What you need to do: Please output exactly the lines that run from the line with "Chico's Blue Blouse" through the final line of the data, inclusive, and nothing more.

(Stored data)
^^^^^^^^^^^^^^^^

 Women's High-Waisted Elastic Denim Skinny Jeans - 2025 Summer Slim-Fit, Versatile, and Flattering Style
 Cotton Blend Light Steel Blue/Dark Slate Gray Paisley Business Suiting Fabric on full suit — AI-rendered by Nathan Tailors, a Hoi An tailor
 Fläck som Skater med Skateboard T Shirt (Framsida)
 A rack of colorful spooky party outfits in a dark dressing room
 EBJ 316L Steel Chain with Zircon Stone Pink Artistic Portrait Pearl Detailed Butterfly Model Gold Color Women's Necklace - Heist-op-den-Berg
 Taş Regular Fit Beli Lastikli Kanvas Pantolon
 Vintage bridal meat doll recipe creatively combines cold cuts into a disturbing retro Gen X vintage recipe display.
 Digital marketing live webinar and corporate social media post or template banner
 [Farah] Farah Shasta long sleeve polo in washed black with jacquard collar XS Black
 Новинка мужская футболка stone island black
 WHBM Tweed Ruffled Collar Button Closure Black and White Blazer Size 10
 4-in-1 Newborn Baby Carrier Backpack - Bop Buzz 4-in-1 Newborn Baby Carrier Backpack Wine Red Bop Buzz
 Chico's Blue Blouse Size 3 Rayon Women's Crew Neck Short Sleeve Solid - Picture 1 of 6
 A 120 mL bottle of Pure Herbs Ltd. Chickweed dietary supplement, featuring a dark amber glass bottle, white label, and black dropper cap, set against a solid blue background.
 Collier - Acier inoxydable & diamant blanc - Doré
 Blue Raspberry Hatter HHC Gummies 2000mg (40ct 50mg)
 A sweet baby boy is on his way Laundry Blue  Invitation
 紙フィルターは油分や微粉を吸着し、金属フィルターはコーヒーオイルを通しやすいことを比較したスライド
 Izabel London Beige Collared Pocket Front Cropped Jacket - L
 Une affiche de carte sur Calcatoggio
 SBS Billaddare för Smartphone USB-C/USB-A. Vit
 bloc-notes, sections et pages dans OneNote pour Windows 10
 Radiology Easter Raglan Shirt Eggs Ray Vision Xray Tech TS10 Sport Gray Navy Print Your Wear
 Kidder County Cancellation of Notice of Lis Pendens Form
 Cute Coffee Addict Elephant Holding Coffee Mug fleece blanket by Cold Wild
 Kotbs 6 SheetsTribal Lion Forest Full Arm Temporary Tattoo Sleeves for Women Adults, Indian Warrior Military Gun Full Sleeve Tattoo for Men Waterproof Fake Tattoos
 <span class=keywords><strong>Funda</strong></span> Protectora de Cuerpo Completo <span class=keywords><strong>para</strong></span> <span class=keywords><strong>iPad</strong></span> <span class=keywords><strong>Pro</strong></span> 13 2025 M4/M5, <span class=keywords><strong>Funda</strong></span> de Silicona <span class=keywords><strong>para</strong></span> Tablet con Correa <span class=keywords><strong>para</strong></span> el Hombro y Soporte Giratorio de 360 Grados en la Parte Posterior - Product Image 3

^^^^^^^^^^^^^^^^

Solution:
 Chico's Blue Blouse Size 3 Rayon Women's Crew Neck Short Sleeve Solid - Picture 1 of 6
 A 120 mL bottle of Pure Herbs Ltd. Chickweed dietary supplement, featuring a dark amber glass bottle, white label, and black dropper cap, set against a solid blue background.
 Collier - Acier inoxydable & diamant blanc - Doré
 Blue Raspberry Hatter HHC Gummies 2000mg (40ct 50mg)
 A sweet baby boy is on his way Laundry Blue  Invitation
 紙フィルターは油分や微粉を吸着し、金属フィルターはコーヒーオイルを通しやすいことを比較したスライド
 Izabel London Beige Collared Pocket Front Cropped Jacket - L
 Une affiche de carte sur Calcatoggio
 SBS Billaddare för Smartphone USB-C/USB-A. Vit
 bloc-notes, sections et pages dans OneNote pour Windows 10
 Radiology Easter Raglan Shirt Eggs Ray Vision Xray Tech TS10 Sport Gray Navy Print Your Wear
 Kidder County Cancellation of Notice of Lis Pendens Form
 Cute Coffee Addict Elephant Holding Coffee Mug fleece blanket by Cold Wild
 Kotbs 6 SheetsTribal Lion Forest Full Arm Temporary Tattoo Sleeves for Women Adults, Indian Warrior Military Gun Full Sleeve Tattoo for Men Waterproof Fake Tattoos
 <span class=keywords><strong>Funda</strong></span> Protectora de Cuerpo Completo <span class=keywords><strong>para</strong></span> <span class=keywords><strong>iPad</strong></span> <span class=keywords><strong>Pro</strong></span> 13 2025 M4/M5, <span class=keywords><strong>Funda</strong></span> de Silicona <span class=keywords><strong>para</strong></span> Tablet con Correa <span class=keywords><strong>para</strong></span> el Hombro y Soporte Giratorio de 360 Grados en la Parte Posterior - Product Image 3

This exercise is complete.